Hello again, I'm Jonathan Wagner I'm an engineering manager at DataUK and I've been working for the past 4 years on a bit more than 10 projects in production and for the last 8 months I've been working with NX, which is a build system helping you build faster and do things faster. That's going to be the core of the talk here. Let's have a look at what we'll talk about.
First of all, discuss a bit of the problem, what happens when you scale up codebase and then my journey to fixing it and what I've learned along the way, what I've tried, what didn't work, what worked. So first of all, the problem. I mentioned, having a codebase that grows, that means your CI becomes a bit slower and when it becomes slower, it means you have a slower feedback loop, which means your developers are unhappy, it takes longer to develop features and in the end your users are unhappy, which we definitely don't want.

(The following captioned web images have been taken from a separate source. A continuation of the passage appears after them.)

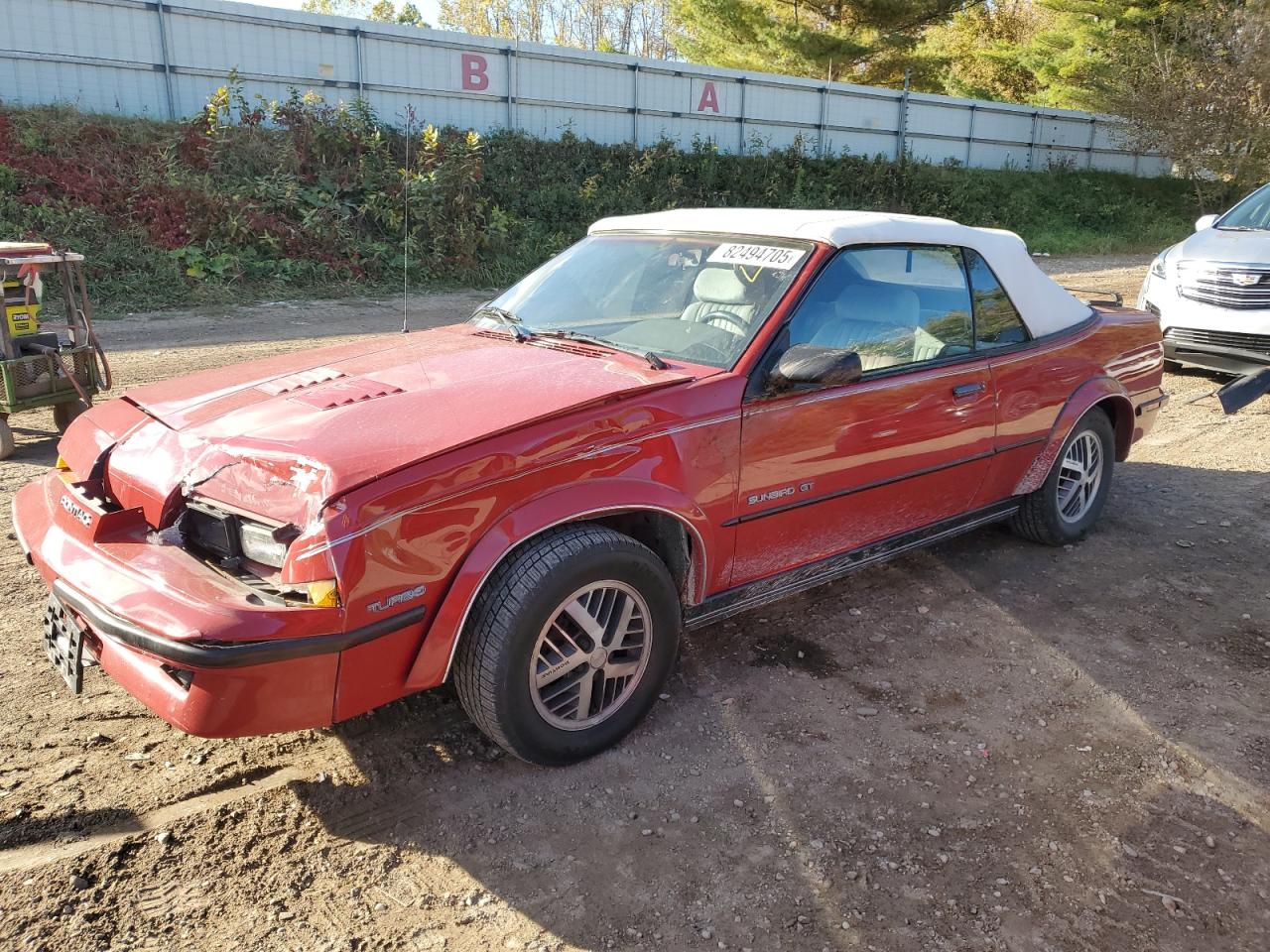 1989 Pontiac Sunbird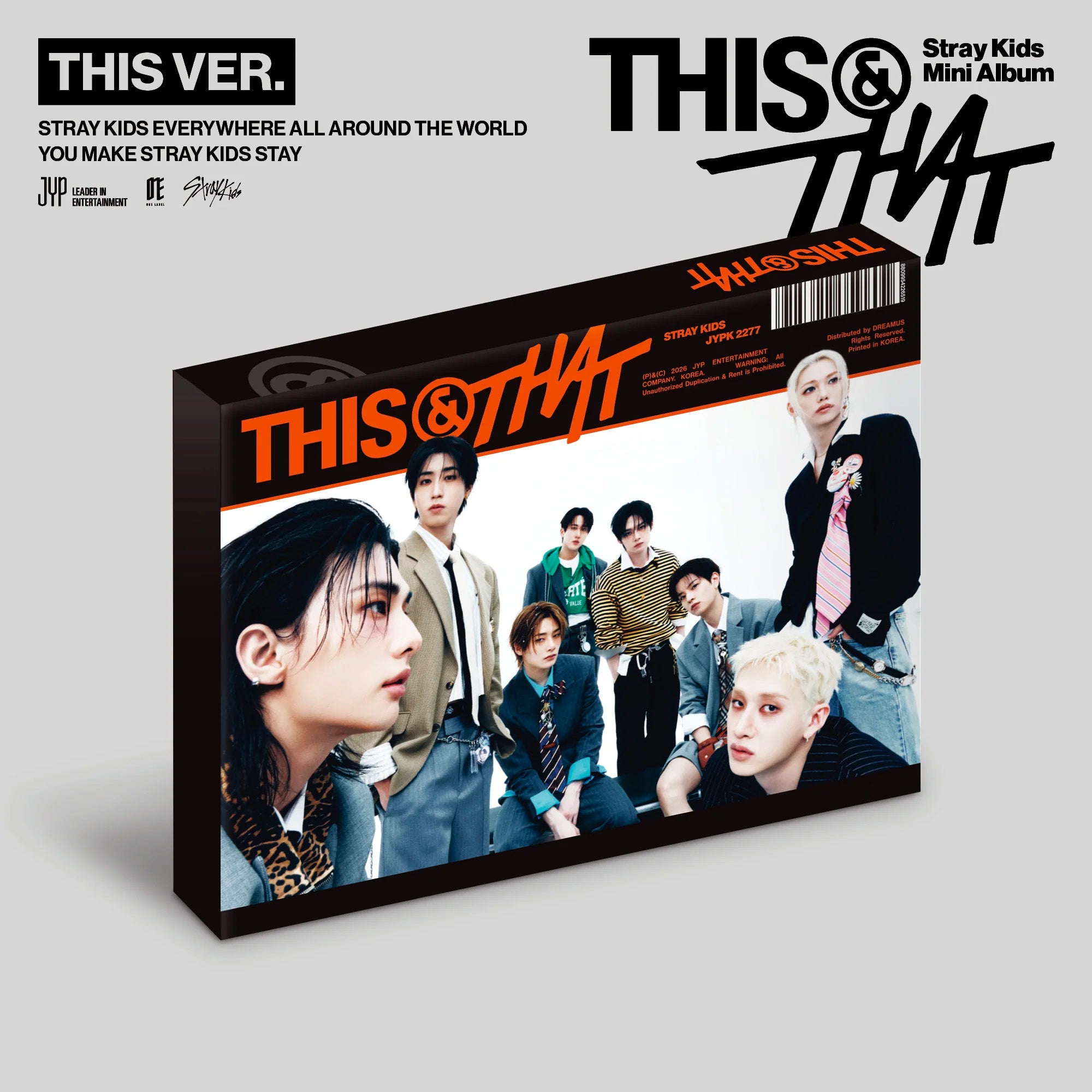 Stray Kids - THIS & THAT (THIS VER.)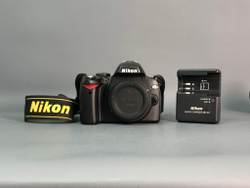 Nikon D40 25.000 кадров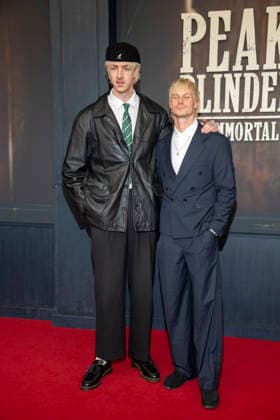 abb Niklas van Lipzig David Martin zu Gast auf dem roten Teppich bei der Netflix Film Premiere von PEAKY BLINDERS THE IMMORTAL MAN im Kino International Berlin ,Berlin den 12.03.2026 Berlin Deutschland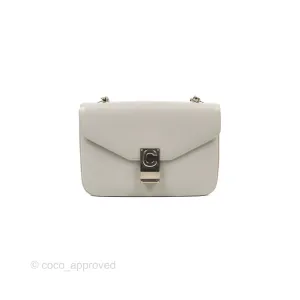 Celine Medium C Bag Light Grey Smooth Calfskin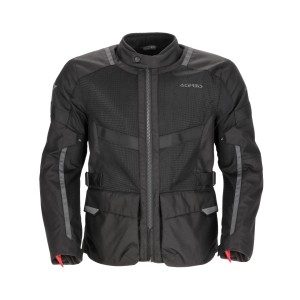 Chaqueta ACERBIS Ramsey Vented Long Black - Ropamotorista.com - Distribuidor Oficial Acerbis en España y Portugal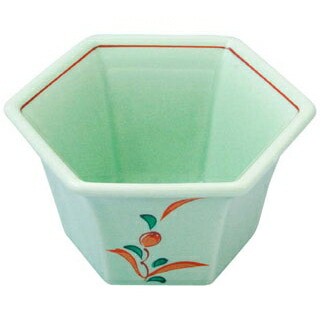 【まとめ買い10個セット品】アルセラム強化食器 ヒスイ赤絵六角小鉢 EC6-38【002-0114202-001】業務用 小鉢 和食器 強化磁器 六角鉢 12,848円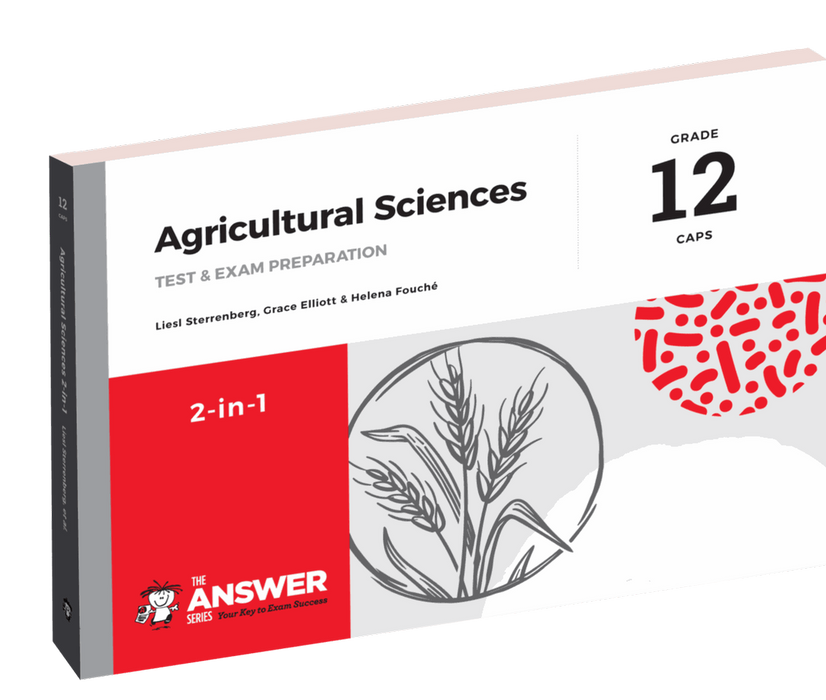 The Answer Series Grade 12 Agricultural Sciences 2 in 1 (Paperback)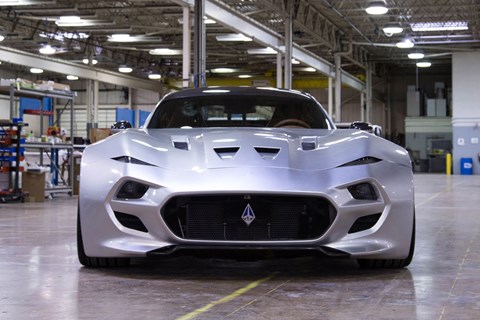 The Fisker VLF: a pretty serious bit of kit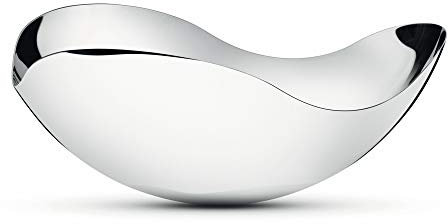 Georg Jensen GJ 079618 Spiegelschale, large, 34 cm, Edelstahl, stainless steel, 35 x 35,2 x 13,5 cm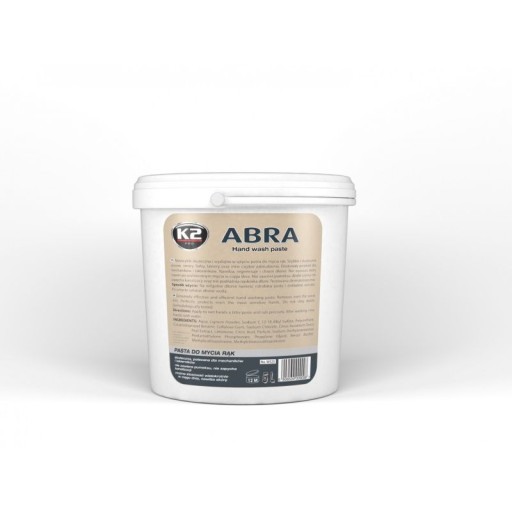 K2 ABRA 5 L PASTA DO MYCIA RĄK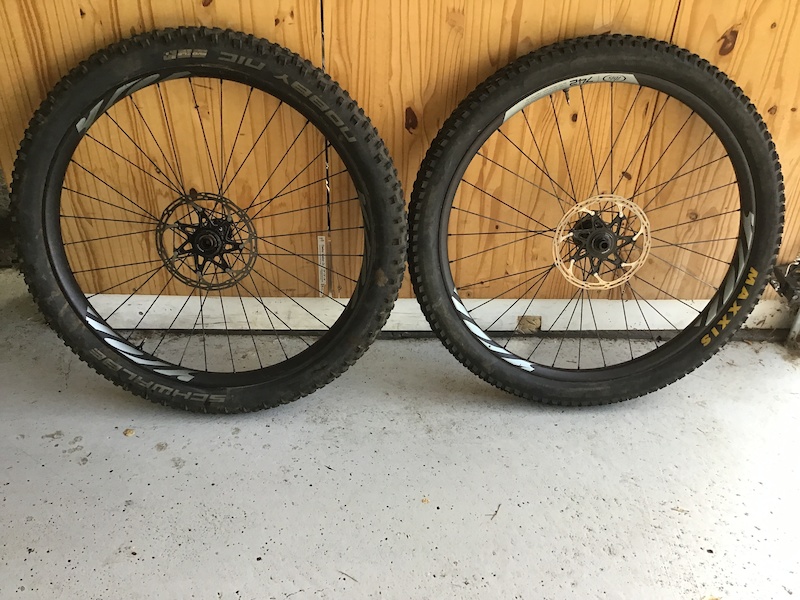 ibis 742 i9 carbon 27.5 wheelset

So when your codebase grows, you have type checking, you have ESLint, you have maybe some dead code tests, some unit tests, end-to-end tests, a lot of testing and the build time and then everything's taking a bit of time and it adds up and in my case it added up to more than 30 minutes and that's my trigger. Ideally I want my site to be 10 or 15 minutes, when it reaches 30 minutes it means something's gone terribly wrong and I want to address it. In this case, we cannot even see the buildable time, it's just skyrocketing, it's going to 3-4 hours, which means it's costing a lot of money to the company and just frustrating for everyone.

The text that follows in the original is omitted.